C’est dire l’immensité de l’espace qui nous entoure, malgré sa finitude. Cependant, l’impression de sécurité que nous pouvons avoir à nous tenir sur un globe fermé peut se retrouver à nous savoir dans le sein d’un univers également fermé. Je me suis perdu, quand j’étais jeune, à essayer d’imaginer cet espace infini qui effrayait Pascal. Nous pouvons maintenant calmer cette inquiétude. Notre monde est fini, du moins en ce qui concerne l’espace. Peut être représente-t-il pour notre espèce une possibilité de colonisation éventuelle. De toute manière, nous sommes certains de sa limitation et que rien de plus étrange que ce que nous y connaissons déjà ne nous apparaîtra de manière imprévue.

Nous avons ainsi fait le point dans l’espace et nous en pouvons tirer l’impression rassurante qu’éprouvent les voyageurs perdus sur l’Océan lorsque le commandant du bord a pu faire le point. On ne sait peut-être pas si ni où l’on arrivera, mais il est utile, calmant et réconfortant de savoir où l’on est.

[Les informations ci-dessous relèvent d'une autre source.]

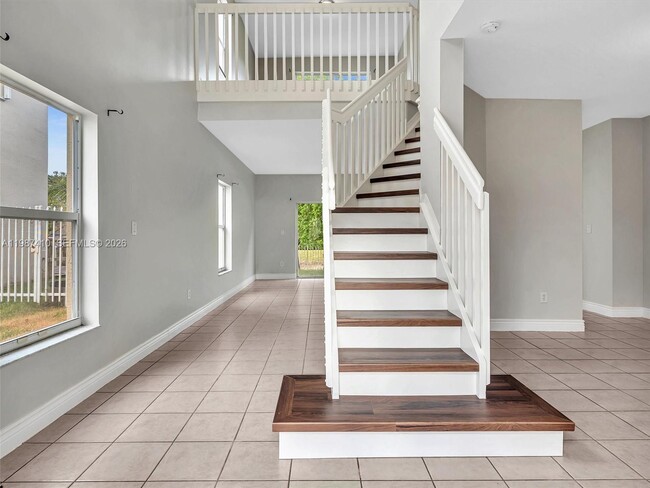 Building Photo - 1498 SW 106th Ave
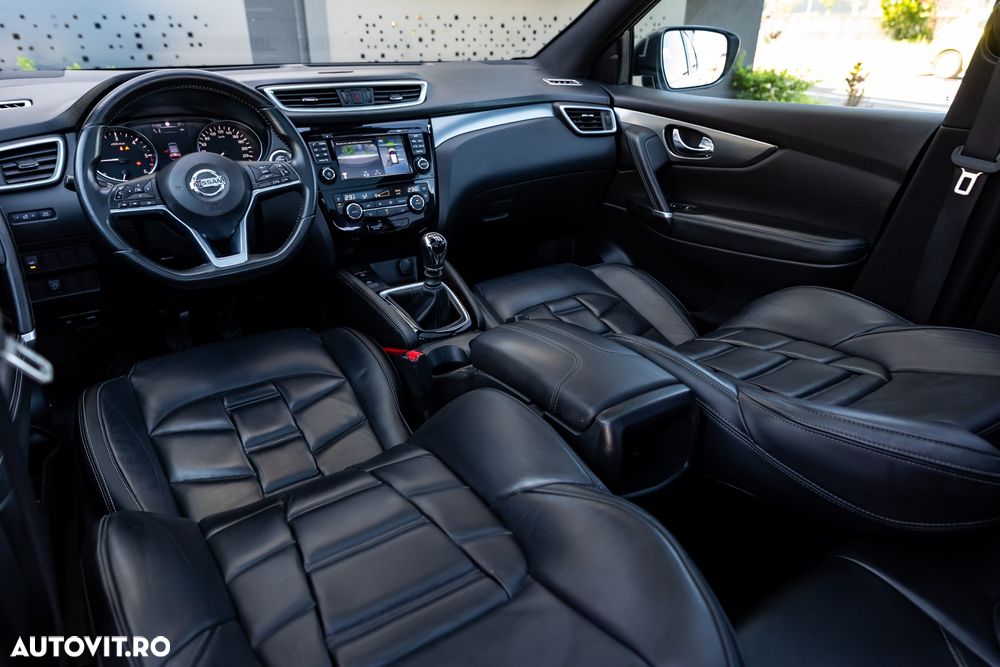 Nissan Qashqai 1.6 DCI TEKNA+ - 15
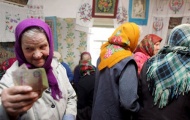 Пенсионерка вернула Азаров 11 гривен "покращень"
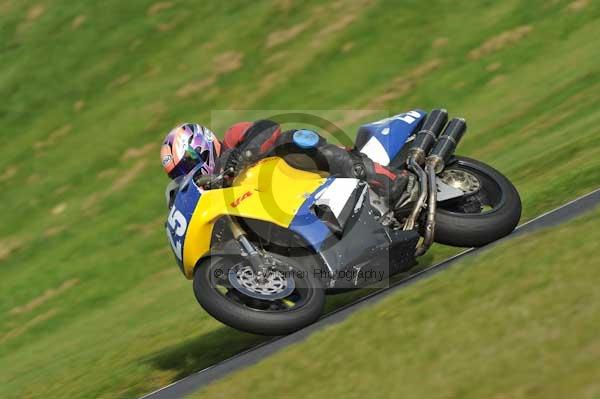 Motorcycle action photographs;Trackday digital images;cadwell;cadwell park photographs;event digital images;eventdigitalimages;motor racing louth lincolnshire;no limits trackdays;peter wileman photography;trackday;trackday photos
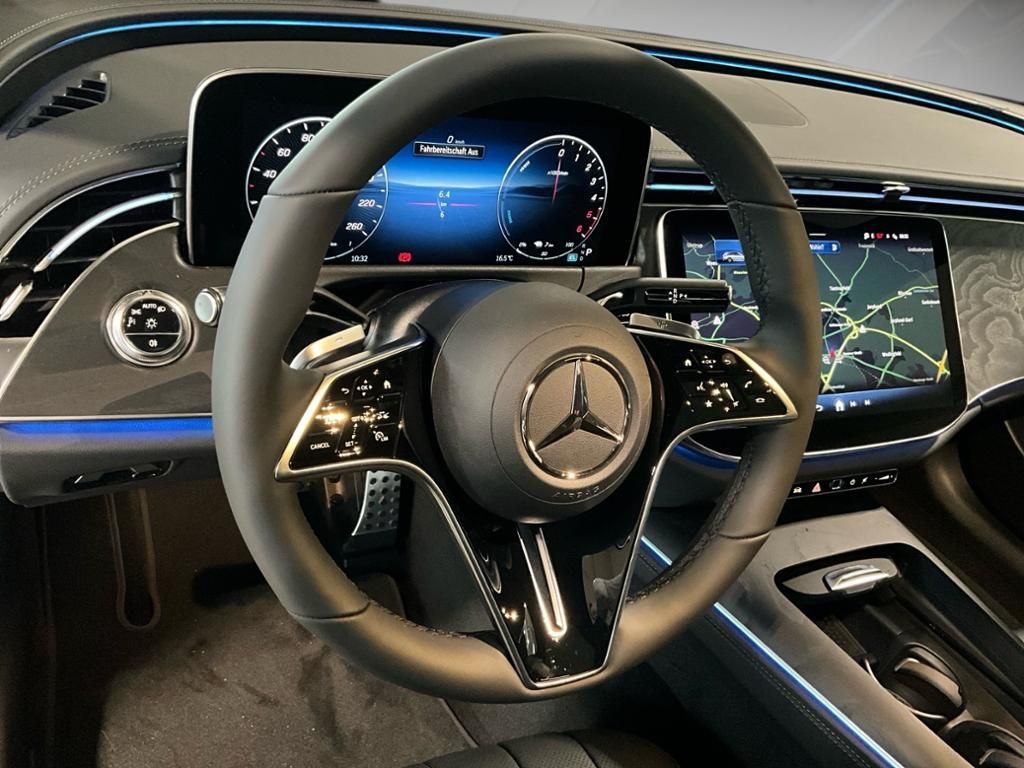 Mercedes-Benz E 300 2025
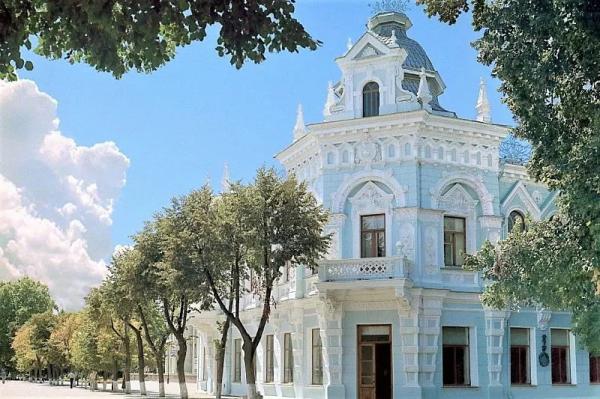 Губернатор Вениамин Кондратьев поздравил коллектив Краевого художественного музея имени Коваленко со 120-летним юбилеем
Губернатор Вениамин Кондратьев поздравил коллектив Краевого художественного музея имени Коваленко со 120-летним юбилеем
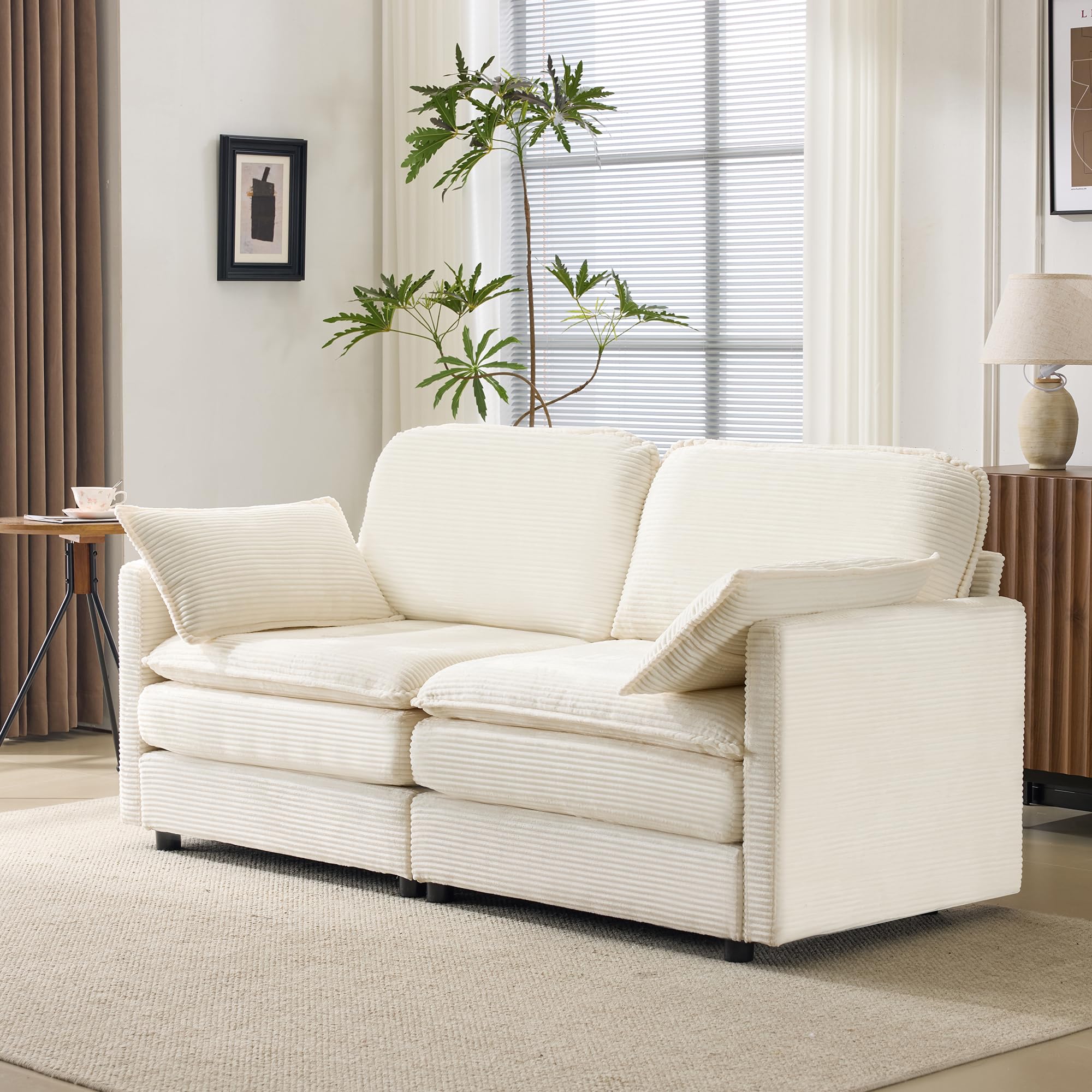 Sofa 2-osobowa ze sztruksu, drewniane nogi, biała, minimalistyczna
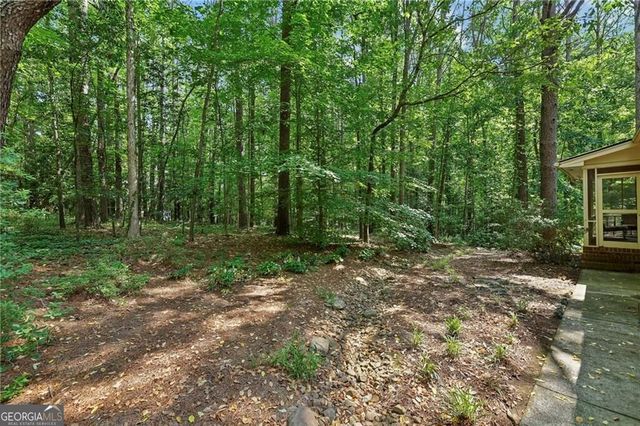 6051 Millstone Run, Stone Mountain, GA 30087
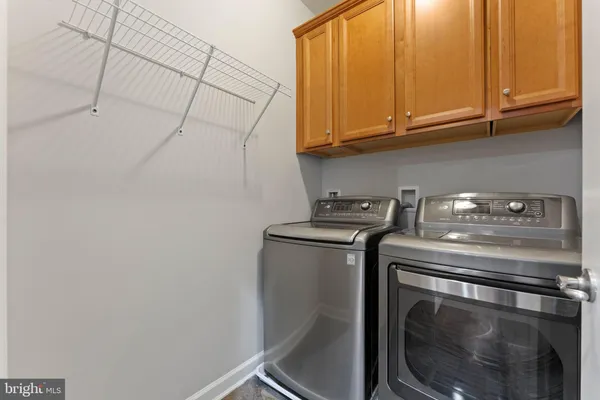 $3,542 | 42524 Rowderbury Square, Chantilly, VA 20152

Nous connaissons aussi, et depuis peu, notre situation au point de vue du temps. Nous savons de façon très précise, depuis la découverte de la radioactivité, que notre globe s’est solidifié en surface il y a deux milliards d’années. Des formes de vie, d’abord très primitives, y sont apparues et se sont progressivement compliquées par le processus de différenciation et d’association dont je vous parlais tout à l’heure. Très vraisemblablement la forme vivante que représente chacun de nous est le résultat d’une telle évolution. Celle-ci doit continuer par la formation de groupements humains de plus en plus complexes jusqu’à l’incorporation de l’espèce tout entière.

Au point de vue de l’avenir, nous savons aussi que notre Soleil peut soutenir son rayonnement actuel pendant un temps de l’ordre de dix mille milliards d’années, cinq mille fois plus long que tout le passé de la Terre. C’est, pratiquement une éternité au cours de laquelle notre descendance peut développer des formes de vie incomparablement plus belles et meilleures que la nôtre.

Cette situation est de nature à nous inspirer confiance. Le point dont je parlais il y a un instant se trouve ainsi complété et sa connaissance nous met en présence d’un devoir de solidarité qui constitue l’essentiel de la loi morale.

Il dépend de nous, héritiers d’un passé déjà lointain, dépositaires du trésor de l’expérience humaine acquis au prix de douleurs et de misères sans nombre, d’en assurer la transmission et de l’accroître aussi dans la mesure de nos forces. Notre descendance ne peut continuer le passé qu’à travers nous, et cela nous crée une responsabilité grave envers elle autant qu’envers lui. La grande aventure dont je parlais ce matin, cette aventure humaine d’une espèce isolée sur l’esquif de la Terre, dans l’immensité de l’espace et du temps, peut selon nos actes et notre volonté se terminer de façon tragique ou se continuer de façon merveilleuse. Et de plus en plus nous devons nous y sentir tous solidaires, être convaincus que nous serons tous perdus ou sauvés en même temps.